ウクライナやロシアの伝統的な料理「ボルシチ」に使われることで知られる「ビーツ」。日本では、まだあまり一般的ではないため、「ビーツを使ってみたいけど、どうやって使うの?」「どんな味?」という疑問をもつ方も多いのでは? ビーツは色鮮やかで、料理を彩るだけでなく、高い栄養価を含む野菜です。
知っておけばいざという時に役に立つ、ビーツの基本知識をチェックしていきましょう。
ビーツとは?
ビーツとは、ヒユ科フダンソウ属の根菜。原産は諸説ありますが、地中海沿岸やヨーロッパ、アフリカの北部だとされています。カブのような見た目と、鮮やかなピンク色が特徴。天然の着色料としても使われます。日本では、ビーツは普段よく使う野菜ではありませんが、ヨーロッパなどでは、よく食べられている野菜です。
同じヒユ科の野菜には「ほうれん草」、てんさい糖で知られる「サトウダイコン」があります。ビーツは、赤カブのような見た目なので、カブの仲間かと思いきや、ほうれん草などの仲間だったんですね。
またビーツには、ウズマキダイコン、ビート、ルートビート、テーブルビート、かえんさい、など多くの別名があります。
ビーツの旬は?
ビーツの旬は、年に2回。まず6~7月、そして11~12月にかけてです。
日本での主な産地は、埼玉県や北海道、また長野県や茨城県、熊本県でもつくられています。輸入されたものは年中出回りますが、日本で生産されたものは上記の時期に旬を迎えます。
ビーツに含まれる栄養は?
ビーツは「飲む輸血」と言われるほど、高い栄養価を含む野菜。ビーツに含まれる主な栄養素と健康効果をチェックしていきましょう。
カリウム
カリウムは、余分なナトリウムを体外に排出する効果が。
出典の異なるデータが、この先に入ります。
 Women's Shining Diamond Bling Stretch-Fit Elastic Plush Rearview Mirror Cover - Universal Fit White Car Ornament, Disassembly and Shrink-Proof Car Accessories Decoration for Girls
そのため高血圧やむくみの予防・改善が期待できます。また、ナトリウムは神経伝達や筋肉の収縮に大きく関わっているため、筋肉の働きを維持する効果もあります。
ビタミン
ビーツに多く含まれるビタミンは、ビタミンB6と葉酸です。
ビタミンB6はアミノ酸の働きを助け、免疫機能を正常に働かせます。さらに皮膚のバリアを高め、肌を健康な状態を維持する効果も。また脂質の代謝やエストロゲンの代謝にも関与していて、ホルモンバランスを整える作用があります。
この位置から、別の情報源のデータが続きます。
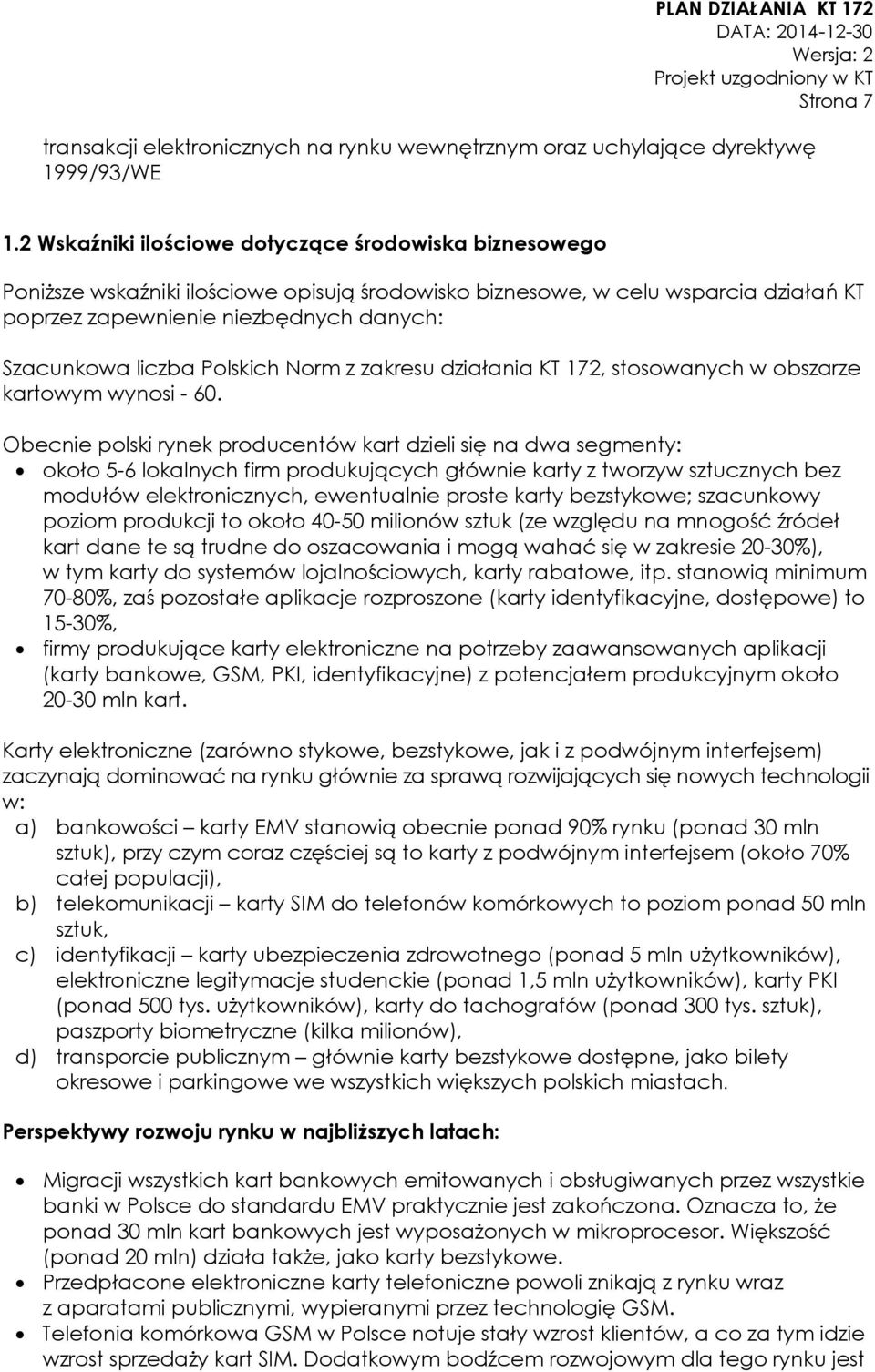 Polskich Norm z zakresu działania KT 172, stosowanych w obszarze kartowym wynosi - 60.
葉酸は「造血のビタミン」とも言われ、赤血球の生産を助けるビタミン。細胞の生産や再生を促すことから、体の発育に重要な栄養素です。
食物繊維
ビーツに含まれるのは、不溶性食物繊維。便の量が増え、腸を刺激します。そのことによって便通が促され、便秘の改善にも効果的です。また、食物繊維を摂ることで、血糖値が急上昇するのを抑える効果も。糖尿病などの予防も期待できます。
オリゴ糖
オリゴ糖は胃で消化されず大腸まで届くため、腸内環境を整えてくれます。腸内環境が整うことで、美肌効果や免疫機能の向上、睡眠の質の改善などの効果が期待できるでしょう。
一酸化窒素(NO)
血管を拡張し、血流をスムーズにする働きがある一酸化窒素。血管の柔軟性を保ち、血管内のコレステロールや血栓ができるのを抑制する効果があります。
また、血流が促進されることで、冷え性や肩こり、さらにスポーツ時の疲労回復やパフォーマンス向上も期待できる栄養素として注目されています。
ベタレイン
ビーツの赤紫色の色素であるベタレイン。高い抗酸化作用をもち、美容効果をはじめ、抗消炎作用、抗ガン作用があると言われています。
ビーツの食べ方は?
ビーツは、口に入れるとほのかな甘味を感じます。この甘味の正体はショ糖。サトウダイコンの仲間であるビーツはショ糖を含みます。そのため、自然な甘さを感じるのです。
ビーツは、生で食べることが可能ですが、人によっては土っぽさを感じることも。しかし、切り方や調理方法によって、この土っぽさは感じにくくなります。またビーツは加熱して食べる場合、その色と美味しさを逃さないため、皮ごと調理するのがおすすめです。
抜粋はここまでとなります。